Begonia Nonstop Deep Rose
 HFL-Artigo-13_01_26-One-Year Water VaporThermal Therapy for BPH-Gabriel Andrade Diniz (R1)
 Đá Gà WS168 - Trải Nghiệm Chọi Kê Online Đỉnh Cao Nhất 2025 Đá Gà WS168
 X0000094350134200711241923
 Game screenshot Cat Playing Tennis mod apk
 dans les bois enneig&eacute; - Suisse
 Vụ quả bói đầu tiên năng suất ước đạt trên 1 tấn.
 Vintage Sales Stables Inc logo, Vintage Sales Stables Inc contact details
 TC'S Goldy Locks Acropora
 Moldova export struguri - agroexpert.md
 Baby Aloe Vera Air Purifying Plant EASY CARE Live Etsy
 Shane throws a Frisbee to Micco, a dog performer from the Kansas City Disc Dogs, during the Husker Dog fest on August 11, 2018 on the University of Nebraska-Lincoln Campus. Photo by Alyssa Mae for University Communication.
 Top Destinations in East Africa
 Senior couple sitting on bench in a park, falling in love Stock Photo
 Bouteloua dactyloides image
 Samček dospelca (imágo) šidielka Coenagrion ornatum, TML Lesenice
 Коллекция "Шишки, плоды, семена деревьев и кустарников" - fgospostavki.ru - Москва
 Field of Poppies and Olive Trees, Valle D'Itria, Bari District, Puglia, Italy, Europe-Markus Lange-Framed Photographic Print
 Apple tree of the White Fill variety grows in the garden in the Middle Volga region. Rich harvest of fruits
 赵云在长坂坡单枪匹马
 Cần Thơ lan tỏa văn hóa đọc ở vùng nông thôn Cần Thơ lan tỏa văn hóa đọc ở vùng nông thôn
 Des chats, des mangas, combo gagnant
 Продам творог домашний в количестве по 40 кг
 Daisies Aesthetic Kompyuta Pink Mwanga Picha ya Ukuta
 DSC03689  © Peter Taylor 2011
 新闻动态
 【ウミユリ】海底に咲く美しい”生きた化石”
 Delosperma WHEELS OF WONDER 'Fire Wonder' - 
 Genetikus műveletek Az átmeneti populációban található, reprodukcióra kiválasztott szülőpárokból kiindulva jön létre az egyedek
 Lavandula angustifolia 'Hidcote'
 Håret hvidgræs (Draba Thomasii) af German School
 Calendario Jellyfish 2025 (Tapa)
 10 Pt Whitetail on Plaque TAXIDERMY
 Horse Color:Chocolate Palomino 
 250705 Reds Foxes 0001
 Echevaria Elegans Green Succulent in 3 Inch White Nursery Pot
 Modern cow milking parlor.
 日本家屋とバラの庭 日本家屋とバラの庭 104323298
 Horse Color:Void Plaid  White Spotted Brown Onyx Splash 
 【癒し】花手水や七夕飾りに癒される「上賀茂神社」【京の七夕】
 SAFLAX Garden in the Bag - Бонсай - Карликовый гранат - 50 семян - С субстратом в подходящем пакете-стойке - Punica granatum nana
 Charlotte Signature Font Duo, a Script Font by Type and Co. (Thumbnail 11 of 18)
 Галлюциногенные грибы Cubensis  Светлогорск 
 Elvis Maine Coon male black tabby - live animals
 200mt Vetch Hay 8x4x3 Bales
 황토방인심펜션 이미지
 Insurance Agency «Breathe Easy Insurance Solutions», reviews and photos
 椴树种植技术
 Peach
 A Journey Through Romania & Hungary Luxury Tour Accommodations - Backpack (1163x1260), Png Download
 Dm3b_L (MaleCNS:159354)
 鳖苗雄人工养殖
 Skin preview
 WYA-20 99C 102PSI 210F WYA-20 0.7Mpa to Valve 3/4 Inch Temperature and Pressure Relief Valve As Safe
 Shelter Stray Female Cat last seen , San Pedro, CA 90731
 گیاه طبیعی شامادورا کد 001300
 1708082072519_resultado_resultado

########################################

## [The problem]
The records above need to be retyped in full, exactly as given.

## [Finished task]
Begonia Nonstop Deep Rose
 HFL-Artigo-13_01_26-One-Year Water VaporThermal Therapy for BPH-Gabriel Andrade Diniz (R1)
 Đá Gà WS168 - Trải Nghiệm Chọi Kê Online Đỉnh Cao Nhất 2025 Đá Gà WS168
 X0000094350134200711241923
 Game screenshot Cat Playing Tennis mod apk
 dans les bois enneig&eacute; - Suisse
 Vụ quả bói đầu tiên năng suất ước đạt trên 1 tấn.
 Vintage Sales Stables Inc logo, Vintage Sales Stables Inc contact details
 TC'S Goldy Locks Acropora
 Moldova export struguri - agroexpert.md
 Baby Aloe Vera Air Purifying Plant EASY CARE Live Etsy
 Shane throws a Frisbee to Micco, a dog performer from the Kansas City Disc Dogs, during the Husker Dog fest on August 11, 2018 on the University of Nebraska-Lincoln Campus. Photo by Alyssa Mae for University Communication.
 Top Destinations in East Africa
 Senior couple sitting on bench in a park, falling in love Stock Photo
 Bouteloua dactyloides image
 Samček dospelca (imágo) šidielka Coenagrion ornatum, TML Lesenice
 Коллекция "Шишки, плоды, семена деревьев и кустарников" - fgospostavki.ru - Москва
 Field of Poppies and Olive Trees, Valle D'Itria, Bari District, Puglia, Italy, Europe-Markus Lange-Framed Photographic Print
 Apple tree of the White Fill variety grows in the garden in the Middle Volga region. Rich harvest of fruits
 赵云在长坂坡单枪匹马
 Cần Thơ lan tỏa văn hóa đọc ở vùng nông thôn Cần Thơ lan tỏa văn hóa đọc ở vùng nông thôn
 Des chats, des mangas, combo gagnant
 Продам творог домашний в количестве по 40 кг
 Daisies Aesthetic Kompyuta Pink Mwanga Picha ya Ukuta
 DSC03689  © Peter Taylor 2011
 新闻动态
 【ウミユリ】海底に咲く美しい”生きた化石”
 Delosperma WHEELS OF WONDER 'Fire Wonder' - 
 Genetikus műveletek Az átmeneti populációban található, reprodukcióra kiválasztott szülőpárokból kiindulva jön létre az egyedek
 Lavandula angustifolia 'Hidcote'
 Håret hvidgræs (Draba Thomasii) af German School
 Calendario Jellyfish 2025 (Tapa)
 10 Pt Whitetail on Plaque TAXIDERMY
 Horse Color:Chocolate Palomino 
 250705 Reds Foxes 0001
 Echevaria Elegans Green Succulent in 3 Inch White Nursery Pot
 Modern cow milking parlor.
 日本家屋とバラの庭 日本家屋とバラの庭 104323298
 Horse Color:Void Plaid  White Spotted Brown Onyx Splash 
 【癒し】花手水や七夕飾りに癒される「上賀茂神社」【京の七夕】
 SAFLAX Garden in the Bag - Бонсай - Карликовый гранат - 50 семян - С субстратом в подходящем пакете-стойке - Punica granatum nana
 Charlotte Signature Font Duo, a Script Font by Type and Co. (Thumbnail 11 of 18)
 Галлюциногенные грибы Cubensis  Светлогорск 
 Elvis Maine Coon male black tabby - live animals
 200mt Vetch Hay 8x4x3 Bales
 황토방인심펜션 이미지
 Insurance Agency «Breathe Easy Insurance Solutions», reviews and photos
 椴树种植技术
 Peach
 A Journey Through Romania & Hungary Luxury Tour Accommodations - Backpack (1163x1260), Png Download
 Dm3b_L (MaleCNS:159354)
 鳖苗雄人工养殖
 Skin preview
 WYA-20 99C 102PSI 210F WYA-20 0.7Mpa to Valve 3/4 Inch Temperature and Pressure Relief Valve As Safe
 Shelter Stray Female Cat last seen , San Pedro, CA 90731
 گیاه طبیعی شامادورا کد 001300
 1708082072519_resultado_resultado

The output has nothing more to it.